- [Work required] With the pictures left out, return exactly the lines from the one containing "2818 BEACH DR, Huntingtown, MD 20639" through the end of the listing below.

- [Source material]
■ ■ ■ ■ ■

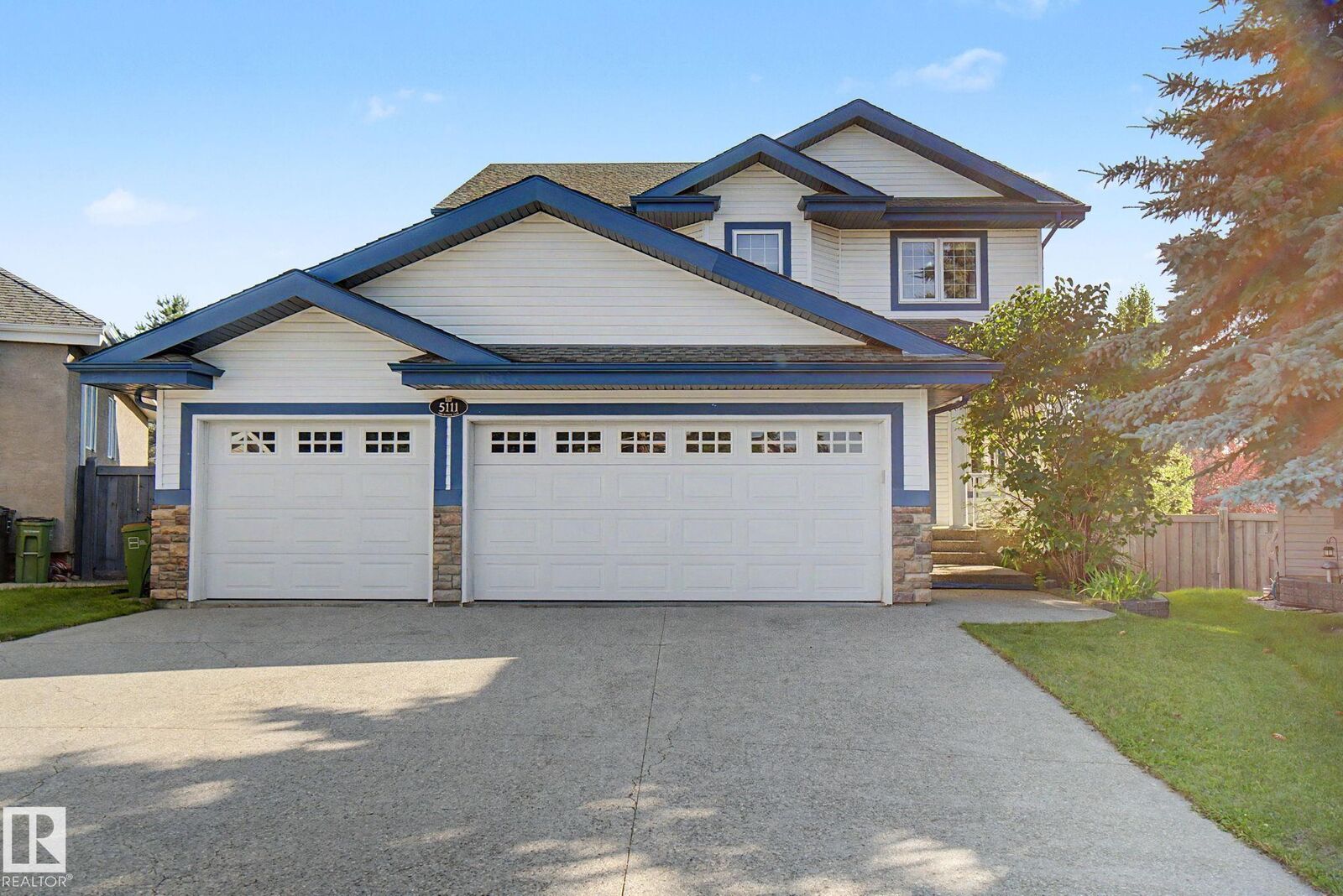 Property Photo:  5111 Terwillegar Boulevard NW  AB T6R 3P1 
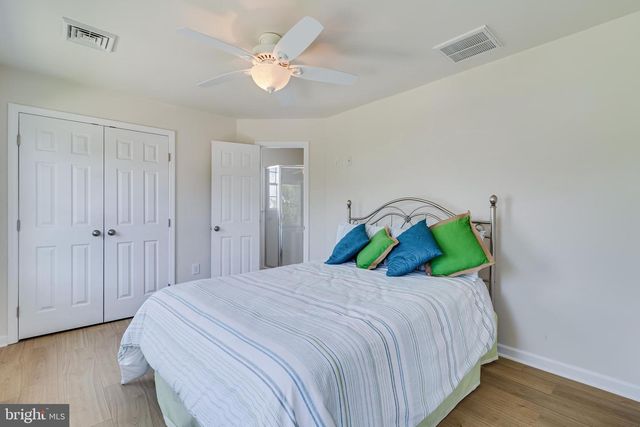 2818 BEACH DR, Huntingtown, MD 20639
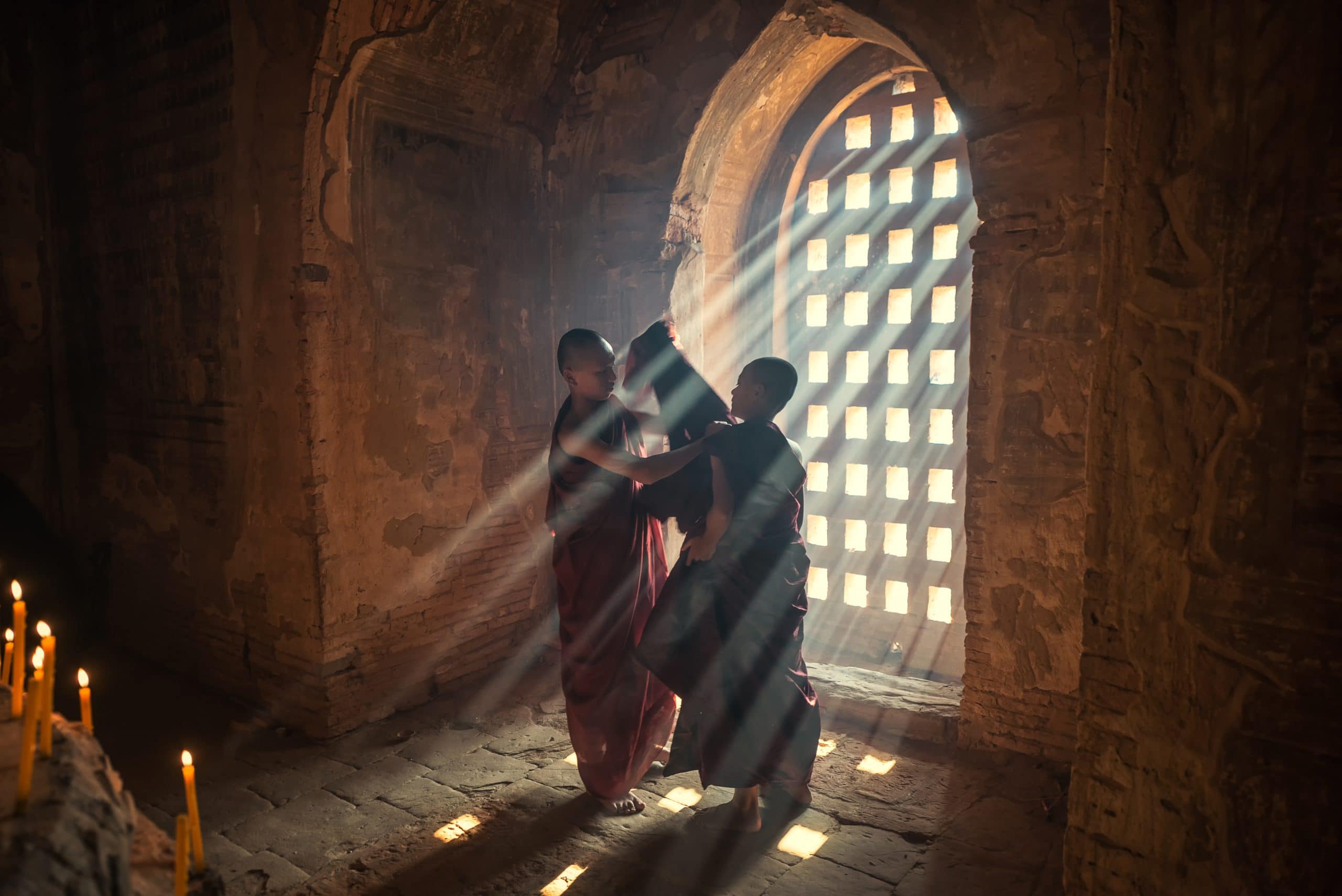 myanmar mönche tempel novizen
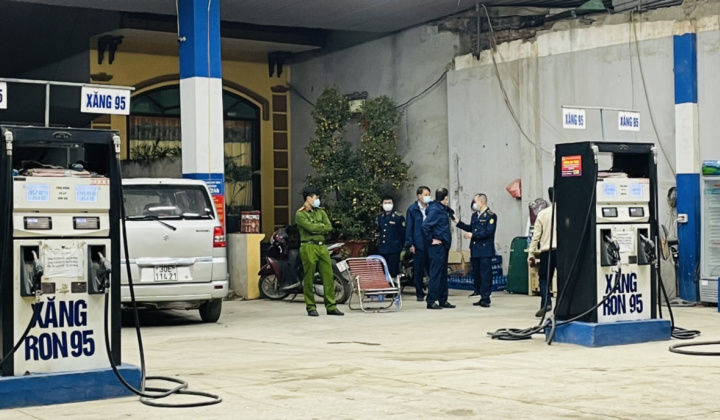 Hà Nội phát hiện 1 cửa hàng xăng dầu đã hết hạn giấy chứng nhận đủ điều kiện bán lẻ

■ ■ ■ ■ ■

- [Worked solution]
 2818 BEACH DR, Huntingtown, MD 20639
 myanmar mönche tempel novizen
 Hà Nội phát hiện 1 cửa hàng xăng dầu đã hết hạn giấy chứng nhận đủ điều kiện bán lẻ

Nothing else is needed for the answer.